À propos

WYISWYG est un projet de recherche interdisciplinaire de trois ans qui vise à documenter, d’un point de vue historique et théorique, le tournant numérique de la pratique du design graphique. Comment et quand l’ordinateur est-il devenu le principal outil de travail des graphistes ? Et quels sont les effets à long terme de ces technologies sur la pratique du graphisme aujourd’hui ?
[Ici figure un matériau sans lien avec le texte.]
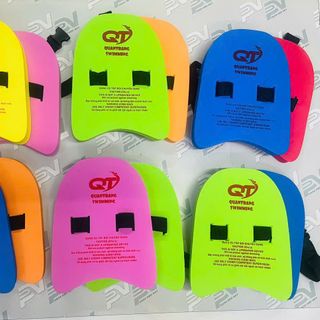 CHUYÊN SỈ ) phao lưng tập bơi QT 2 lớp tách rời cho người lớn và trẻ em dưới 60kg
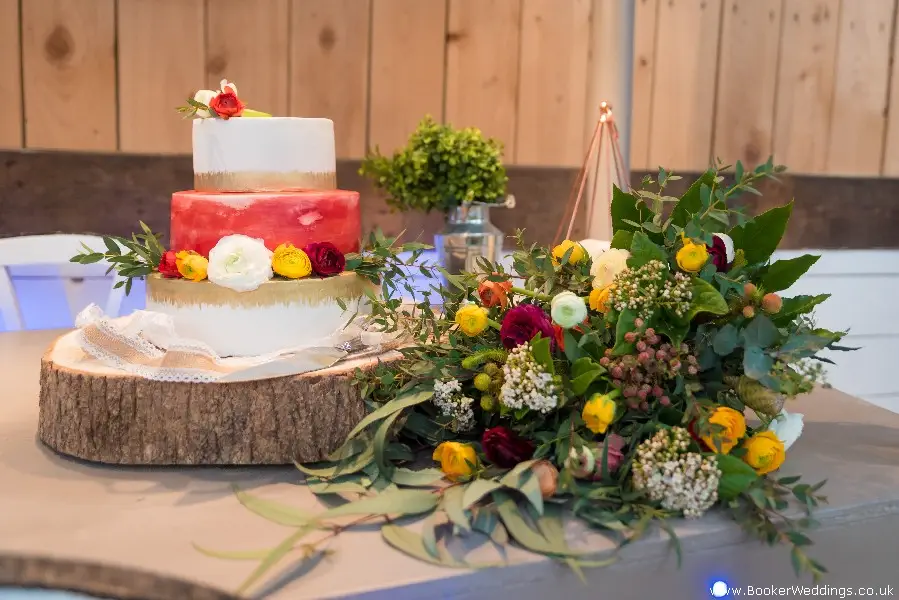 Wedding photo shoot at Wellbeing Farm, Bolton, featuring flowers from Booker Weddings, Liverpool Florists12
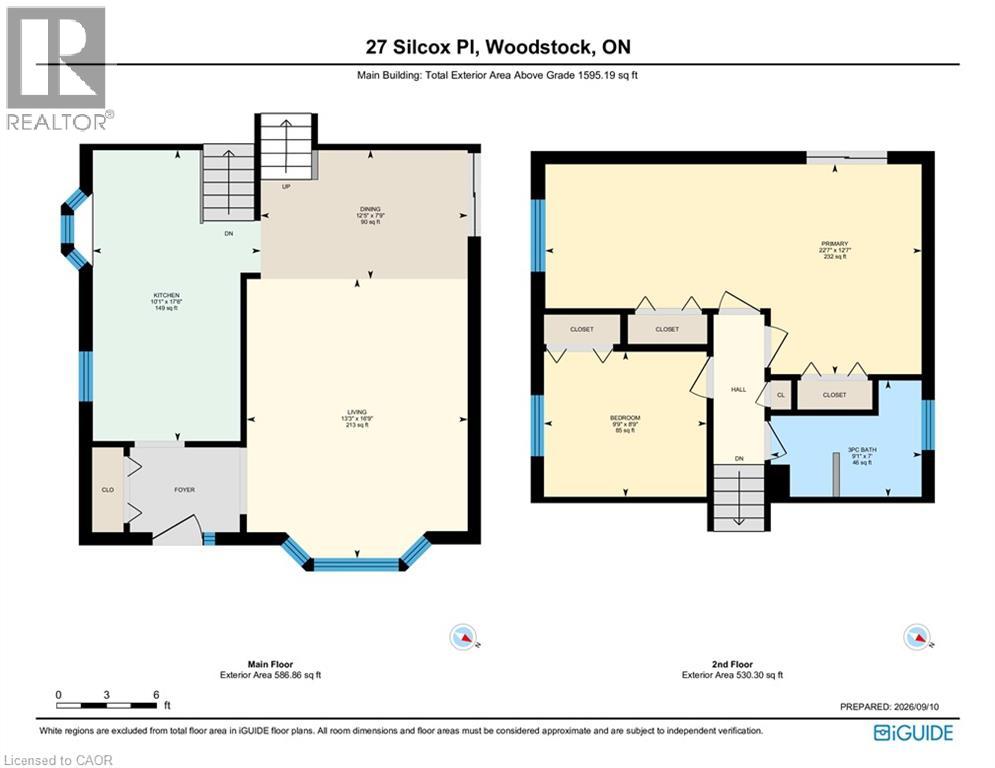 27 Silcox Place, Woodstock, Ontario  N4S 8M8 - Photo 49 - 40861702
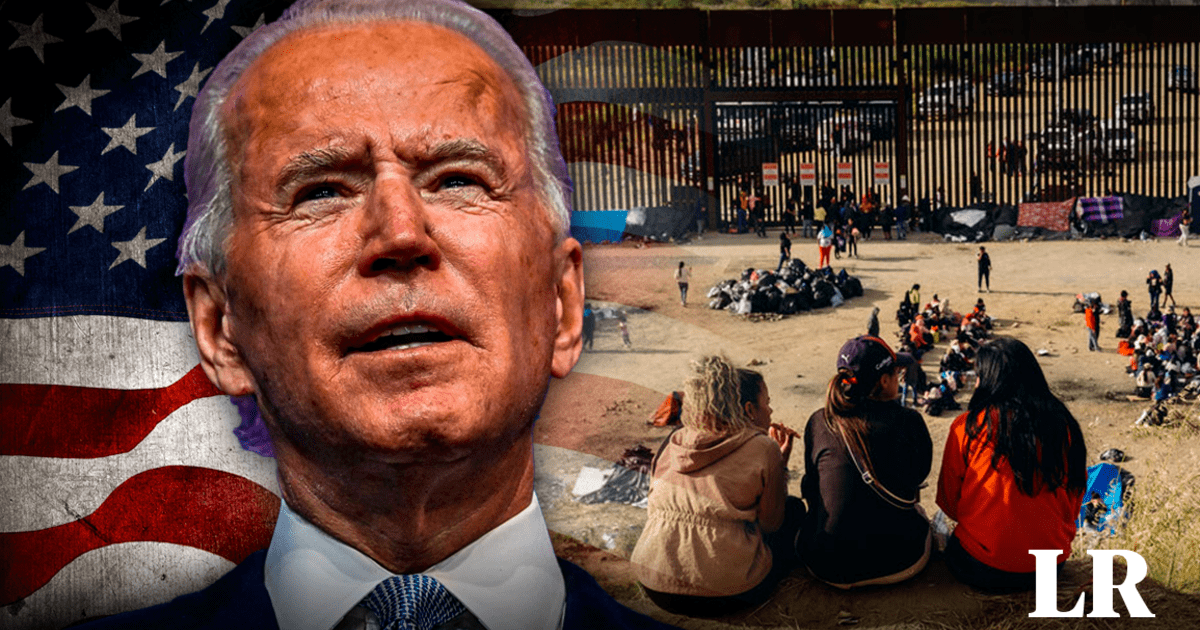 Joe Biden Ordena Construcci N De Muro Fronterizo Para Frenar Llegada De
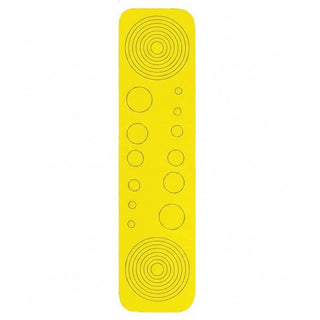 Specialty Archery Circles & Dots (Yellow) 36 Circles and 42 dots
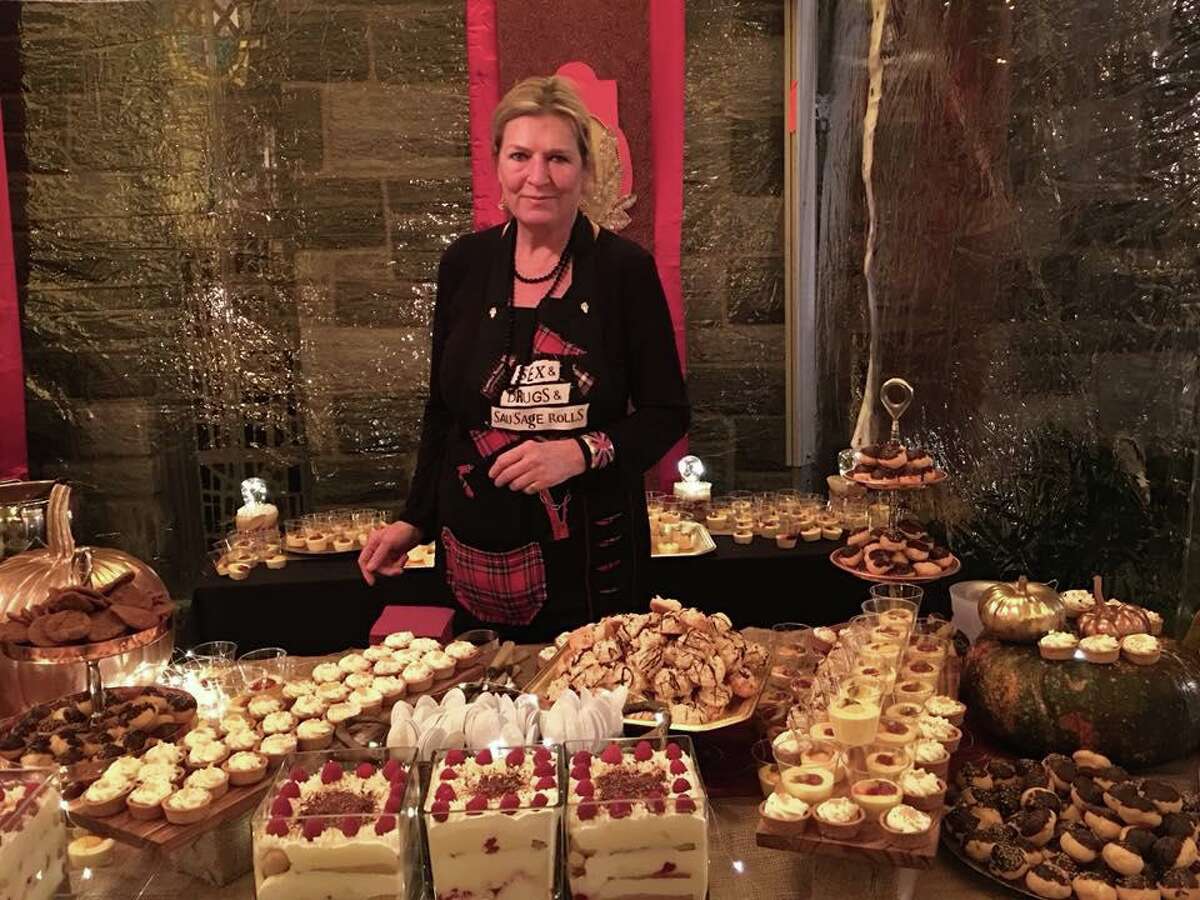 Karen Hubrich, owner of Gruel Britannia in Fairfield, said she was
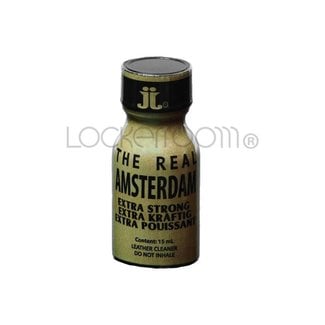 Lockerroom Poppers The Real Amsterdam - 10ml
Le projet produira des données, une chronologie, une analyse critique sur l’économie et les réseaux de distribution des logiciels WYSIWYG (acronyme de « What You See Is What You Get » : utilisée pour la première fois en 1981, l’expression désigne une catégorie spécifique de logiciels dont l’interface graphique permet de visualiser à l’écran un dessin tel qu’il sera finalement imprimé). Cette catégorie comprend les systèmes de traitement de texte, les logiciels de publication assistée par ordinateur (PAO) utilisés pour la mise en page ainsi que les logiciels utilisés pour le dessin et l’édition d’images sur ordinateur. Les interfaces et les logiciels WYSIWYG ont donné aux concepteurs et aux éditeurs un contrôle sans précédent sur la mise en page, la typographie et les éléments visuels dans les médias imprimés. En stimulant la créativité et la possibilité d’expérimenter, ces outils ont donné lieu à une pratique du design plus intuitive, plus visuelle et moins structurée, remettant ainsi en question l’exactitude du concept d’« automatisation » lorsqu’il s’agit de logiciels graphique.
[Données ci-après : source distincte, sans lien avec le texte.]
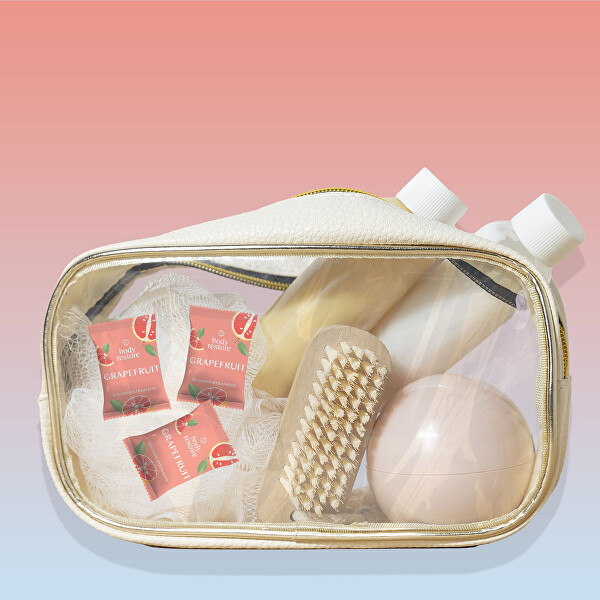 Súprava aromatických tabliet do sprchy Grapefruit Shower Steamers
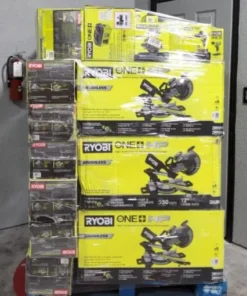 ryobi gereedschap groothandel pallets nederland
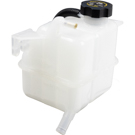 2009 Saturn Vue Engine Coolant Reservoir 1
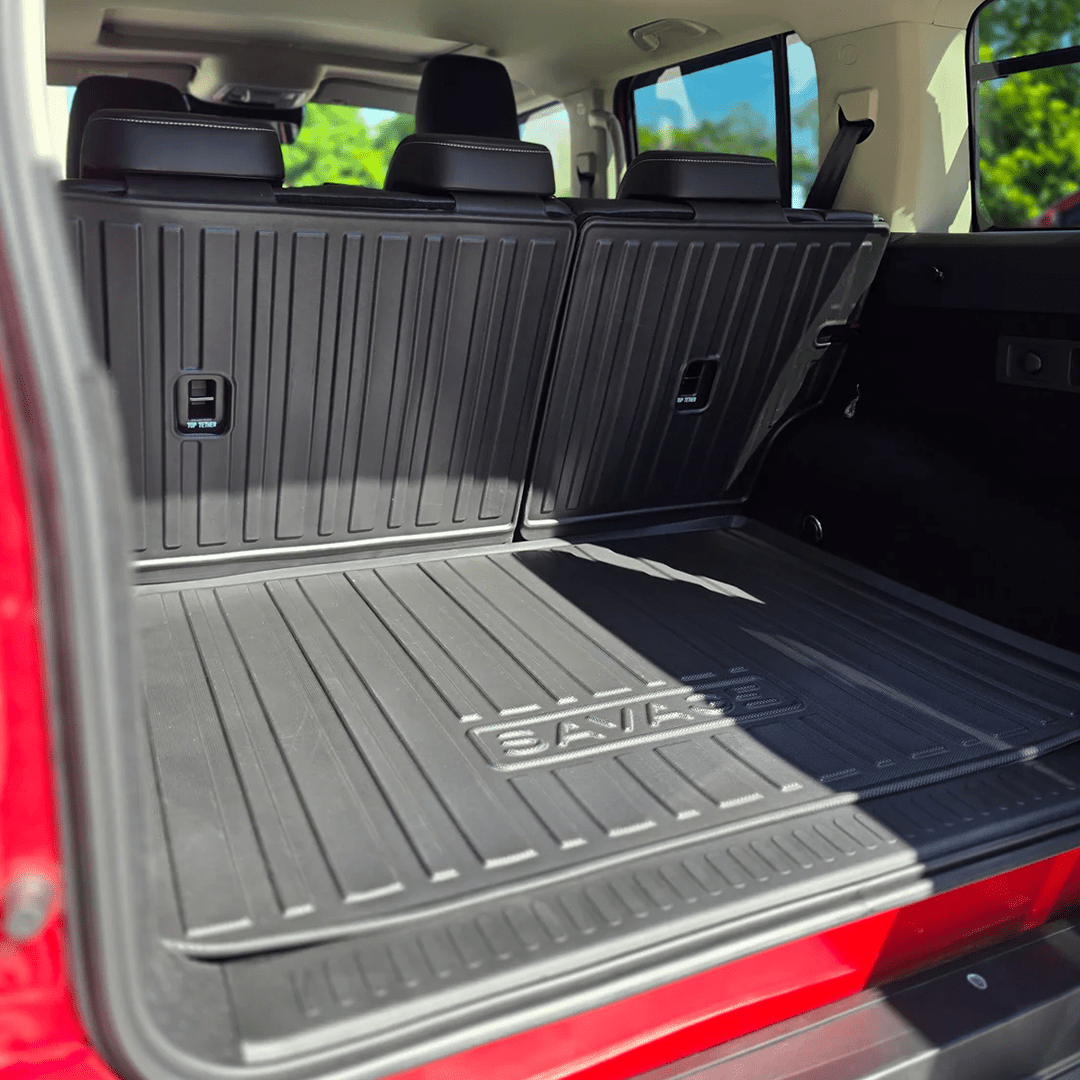 TANK 300 ULTIMATE BOOT PROTECTION BUNDLE (does not suit PHEV) - Savage Tech Australia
La période considérée s’étend du milieu des années 1980 avec l’introduction des premiers ordinateurs personnels équipés de logiciels de conception graphique (en particulier le Macintosh d’Apple, Inc., 1984) aux discussions contemporaines concernant leur généralisation massive. L’étude se concentrera sur la Suisse et la France, dans une perspective comparative, et en mettant l’accent sur l’imbrication significative des cultures graphiques des deux pays au cours de cette période de grands bouleversements.
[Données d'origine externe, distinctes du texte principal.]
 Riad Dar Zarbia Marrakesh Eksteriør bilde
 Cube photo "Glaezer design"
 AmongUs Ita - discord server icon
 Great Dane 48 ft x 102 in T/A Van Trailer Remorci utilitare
L’enquête historique sera articulée avec des questions théoriques contemporaines dans le cadre du développement de l’IA. WYSIWYG entend mettre en lumière des questions fondamentales de la théorie du design, telles que la relation entre la technologie et la création, et la frontière entre la maîtrise professionnelle et amateur des outils numériques « créatifs ».

Le projet s’organise en 4 axes :

Axe de recherche 1: Économie et réseaux internationaux de la révolution numérique du graphisme

Il s’agit de comprendre quand et comment les logiciels de graphisme américains ont été lancés, commercialisés et promus en Suisse et en France. Le projet se concentrera sur les logiciels les plus populaires : Aldus PageMaker (1985), Ready!Set!Go  (1985), QuarkXPress (1987), Adobe Photoshop (1991) et InDesign (1999), ainsi que sur quelques marques d’ordinateurs utilisés par les professionnels du graphisme (Macintosh à partir de 1984, PC à partir de l’introduction de Windows en 1987, Amiga en 1987). Quels logiciels ont été utilisés en premier et pour quels types de travaux ? Quels ont été les acteurs locaux de la promotion de ces outils (traducteurs des logiciels, revues, instituts de formation, sociétés de conseil…) ? Comment ceux-ci s’appuient-ils sur les réseaux de l’ère de la photocomposition ? Du point de vue des graphistes indépendants, comment l’investissement coûteux dans un ordinateur et ses logiciels a-t-il été financé et justifié ?

Axe de recherche 2: Une profession en transition

Le projet entend cerner la manière dont les outils numériques ont modifié la pratique du graphisme entre 1980 et 2000, en recueillant le témoignages de graphites actif-ves au cours de cette période charnière (histoire orale). Comment l’informatisation a-t-elle fait évoluer les activités, les gestes, workflows et espaces de travail des graphistes - en même temps que les caractéristiques stylistiques des artefacts graphiques ? Nons faisons l’hypothèse que l’adoption des outils numériques de conception graphique - en même temps qu’elle fait émerger une pratique non professionnelle de l’édition et de la communication visuelle - s’articule fortement avec les débats sur l’auctorialité et l’utilité publique qui animent le champ du design graphique au cours de ces décennies. Le projet entend ainsi mettre en lumière les démarches de certain-e-s graphistes suisses et français qui ont pu réaffirmer leur expertise par des projets auto-inités, expérimentaux et relevant d’une forme d’artisanat digital ; mais aussi la révolution silencieuse de la mise en page de presse.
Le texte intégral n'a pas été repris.